Did you mean (for example) my original 17632 Leyland number pairs list that I reduced to [URL="http://chesswanks.com/num/LLPHbdl/386434.txt"]1324 candidate terms[/URL]? Why not just sieve the 1324 terms?

Also, since I am not at all acquainted with xyyxsieve, is the output format of my list appropriate? I have one round-bracketed (x,y) pair per line with a final empty line to indicate end-of-file. I can lose the brackets or make other changes that might make feeding xyyxsieve easier.

I can work with that file. I just need to manipulate with NotePad++ to be compatible with xyyxsieve.

Here is a sample run of xyyxsieve:

[code]
xyyxsieve -y100 -Y2000 -x1000 -X1900 -s+ -P1e6
xyyxsieve v1.5, a program to find factors numbers of the form x^y+y^x
Quick elimination of terms info (in order of check):
856401 because the term is even
162236 because x and y have a common divisor
Sieve started: 3 < p < 1e6 with 694164 terms (1000 <= x <= 1900, 100 <= y <= 2000) (expecting 638964 factors)
p=432389, 604.0 p/sec, 654967 factors found at 10.75K f/sec, 43.2% done. ETC 2020-06-27 10:40
Sieve completed at p=1000193.
Processor time: 93.38 sec. (0.00 sieving) (1.00 cores)
36802 terms written to xyyx.pfgw
Primes tested: 78512. Factors found: 657362. Remaining terms: 36802. Time: 93.27 seconds.
[/code]

The first few lines of xyyx.pfgw look like this:

[code]
ABC $a^$b$c*$b^$a // Sieved to 1000193
1000 319 +1
1000 341 +1
[/code]

which sorted by ascending x then ascending y.

The input has a restriction that maxy must be greater than maxy. I really don't recall why.

If you have the command line tools with Xcode, you can build xyyxsieve fairly easily as a makefile is included.

[QUOTE=rogue;549154]pfgw will likely be faster ...[/QUOTE]

If I can get it to run. After spending a considerable amount of time trying to unzip the Mac-version download (it defaulted to some really old unarchivers I had squirreled away that couldn't do it), I finally downloaded a more recent app that did the job. Generally on modern Macs one can unzip a .zip file just by double-clicking on it.

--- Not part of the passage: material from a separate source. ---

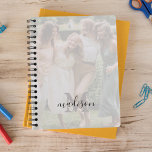 Name des eleganten Fotos Monogram 2025 Planer<br><div class="desc">Klassischer personalisierter 2025-Planer mit einem gedruckten Vorder-/Rücken-Foto für den Umstieg auf Ihr eigenes,  einem weißen Overlay,  Ihrem Initial und Namen.</div>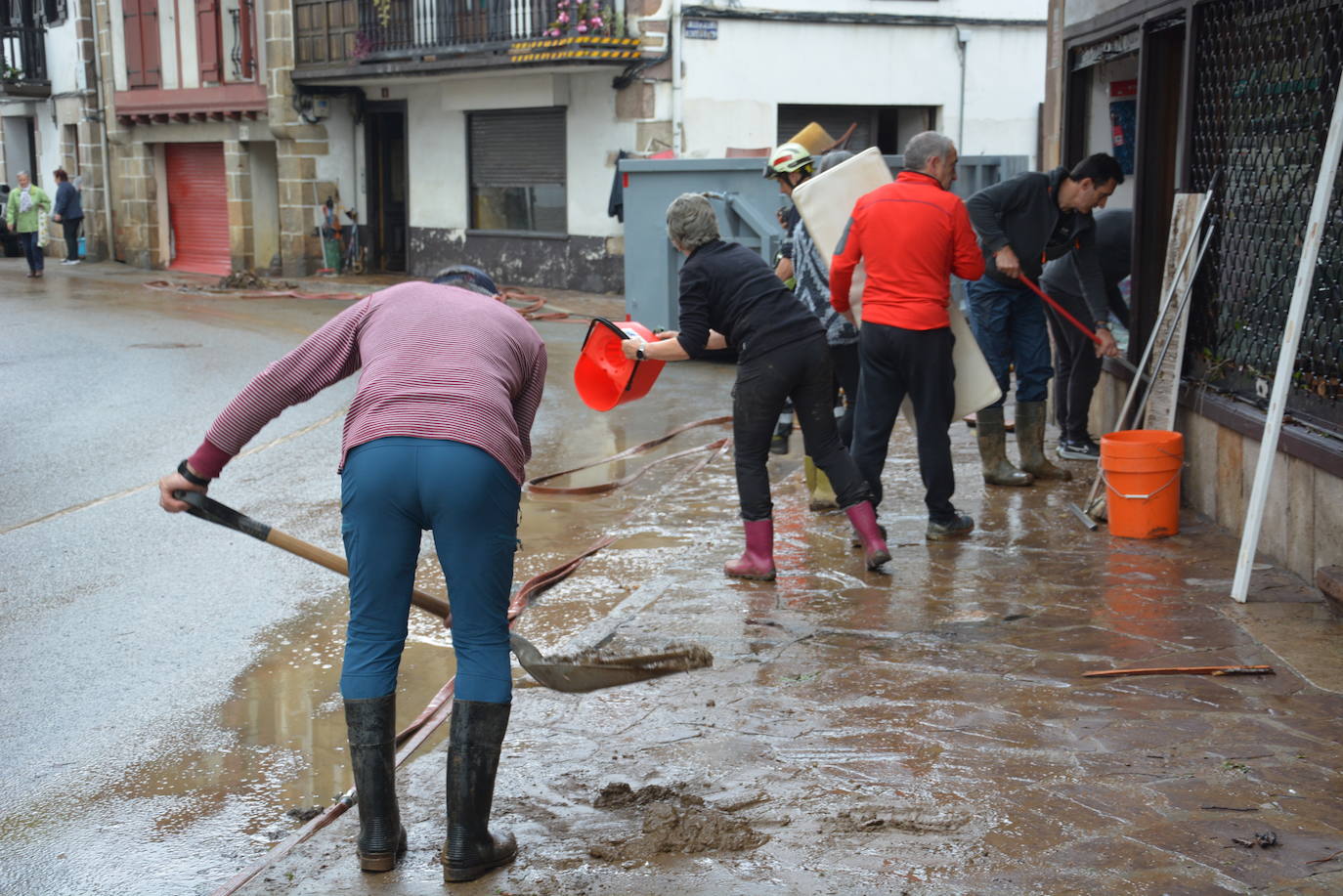 Las inundaciones en Bera, en imágenes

Following the Beginner's Manual, I created the shown "input.txt" file and placed it in the "distribution" folder that contained "pfgw64". Double-clicking on pfgw64 opened Terminal and ran through the license and usage text (press enter or ^C). I think I learned that ^C actually means Ctrl-C. The final 'enter' (or ^C any time) always ended with a logout, after which I couldn't type my "pfgw input.txt" or anything else for that matter.

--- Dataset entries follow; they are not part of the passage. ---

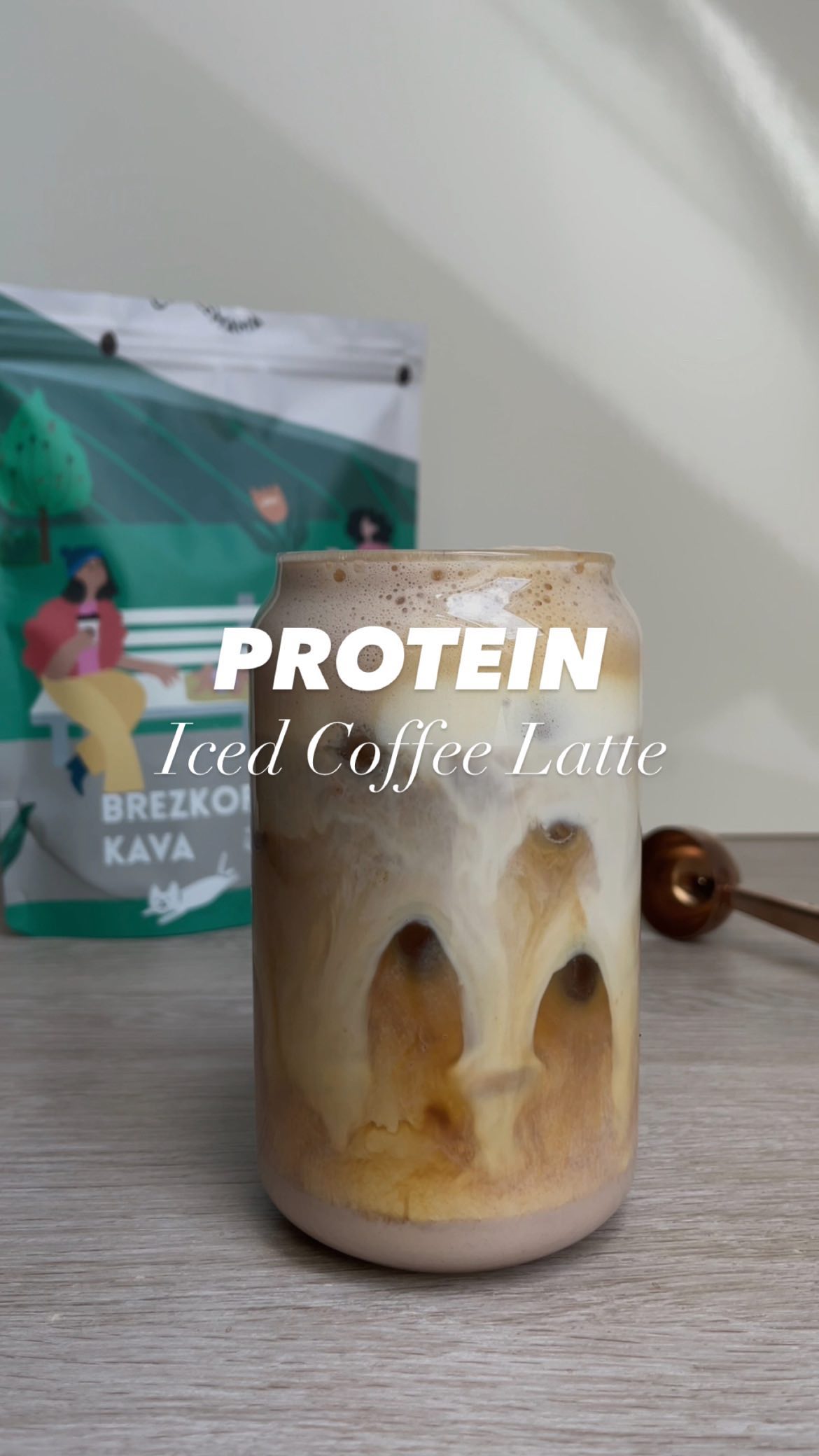 Protein Iced Coffee Latte 🧊☕️ Recipe👇🏼
Recipe:
- add your favorite protein powder (i used chocolate for that mocha flavor)
- pour water (warm or hot water so the honey can melt better)
- froth it
- add ice cubes
- add your favorite coffee (i used decaf from @coffeemama.eu)
- at the top pour milk foam
That’s it 😊 enjoy!
.
.
.
.
.
.
#icedcoffee #icedlatte #proteincoffee #coffeerecipe #decafcoffee #decaf #coffeemama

[QUOTE=pxp;549259]If I can get it to run. After spending a considerable amount of time trying to unzip the Mac-version download (it defaulted to some really old unarchivers I had squirreled away that couldn't do it), I finally downloaded a more recent app that did the job. Generally on modern Macs one can unzip a .zip file just by double-clicking on it.

Following the Beginner's Manual, I created the shown "input.txt" file and placed it in the "distribution" folder that contained "pfgw64". Double-clicking on pfgw64 opened Terminal and ran through the license and usage text (press enter or ^C). I think I learned that ^C actually means Ctrl-C. The final 'enter' (or ^C any time) always ended with a logout, after which I couldn't type my "pfgw input.txt" or anything else for that matter.[/QUOTE]

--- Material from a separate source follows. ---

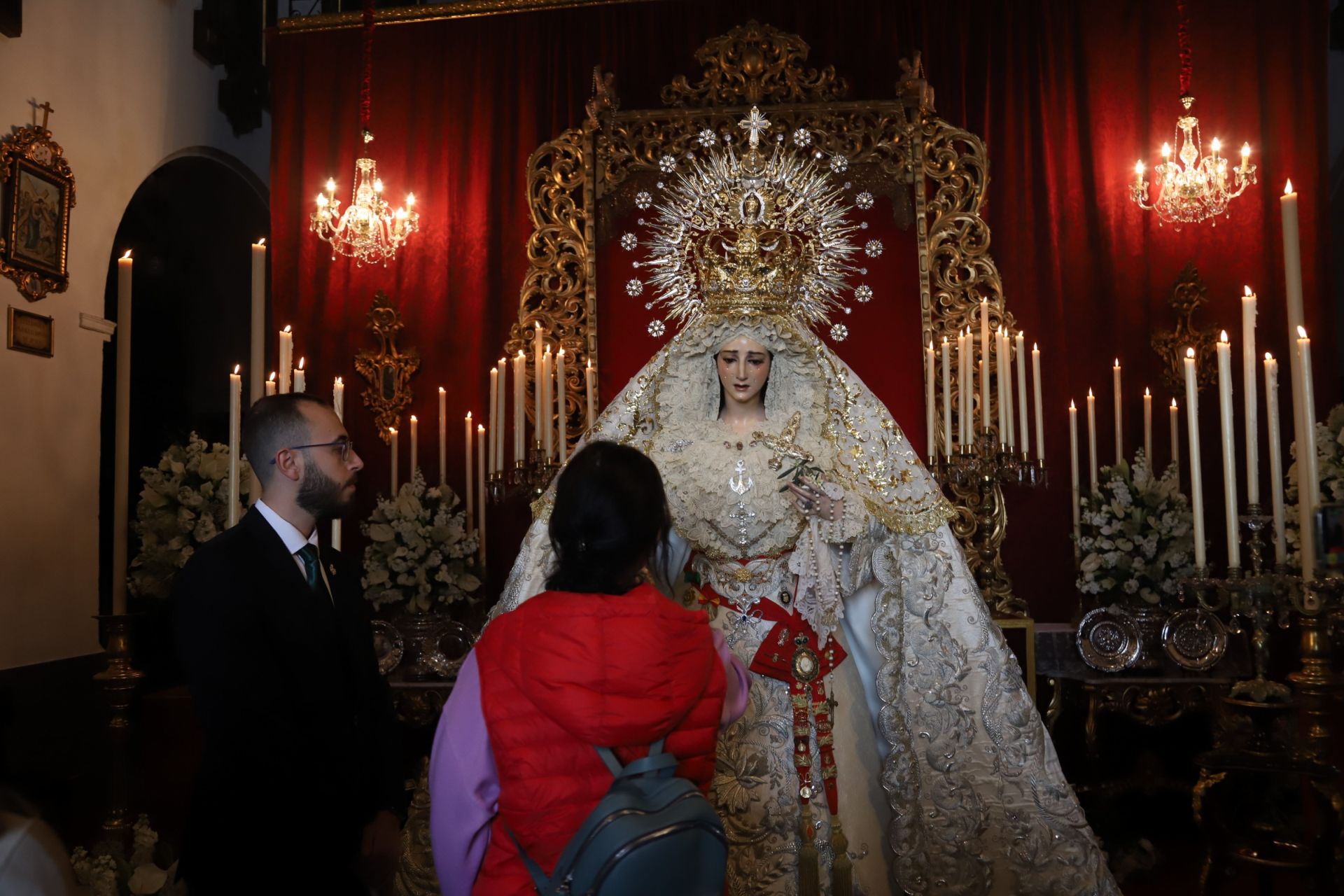 El devoto besamanos de la Virgen de la Paz en Córdoba, en imágenes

For the .7z extension, I use Keka to compress/de-compress.

What you need to do is open the Terminal app (Applications/Utilities). Move pfgw64 to a folder that you can access easily from the command line. It is probably under /Users/<your user id>/Downloads or /Users/<your user id>/Downloads/distribution. From there you can execute pfgw64 by typing "./pfgw64" (without the double-quotes) and hitting the enter key. I suggest typing "./pfgw64 -q100^101+101^100" just to verify that it runs a PRP test on that term. Once you get that far, then you just have to replace "-q100^101+101^100" with the name of a file in a pfgw compatible format. The format I showed above is compatible with pfgw.

Once you get a little familiar with the Terminal app (think Unix or Linux), it opens up a world of possibilities for other command line applications such as the mtsieve suite and llr.

If you have other questions, please ask. If I cannot help, there are other Mac users on this forum who can.

In trying to run xyyxsieve against your file it has issues because there each x has only one y term. With such a large range of x and y, it cannot hold everything in memory.

It would require a custom sieve to avoid excessive memory usage if one wants to do the whole range at once.

I don't know if these candidates have been sieved or not or how deeply Mathematica will trial factor them to. I took a small chunk and sieved to 1e8 and reduced from 307 terms to 97 terms in about 4 minutes. It can clearly sieve more deeply. Sieving to 1e10 should reduce that to about 78 terms.

If you see value in using xyyxsieve, let me know and I'll see what I can do to "whip up" a special version for your search. A "special version" would be memory friendly and twice as fast, if not faster.

[QUOTE=rogue;549282]From there you can execute pfgw64 by typing "./pfgw64" ...[/QUOTE]

Thank you so much for explaining this. I had actually used ./ on other programs before but I use Terminal so infrequently that I forgot. So I ran this on my 2013 Mac Pro which was already running PrimeQs on six separate Mathematica programs:

[CODE]85085^34812+34812^85085 is composite: RES64: [13D0B9CBFDEA3D81] (3520.8900s+0.0050s)[/CODE]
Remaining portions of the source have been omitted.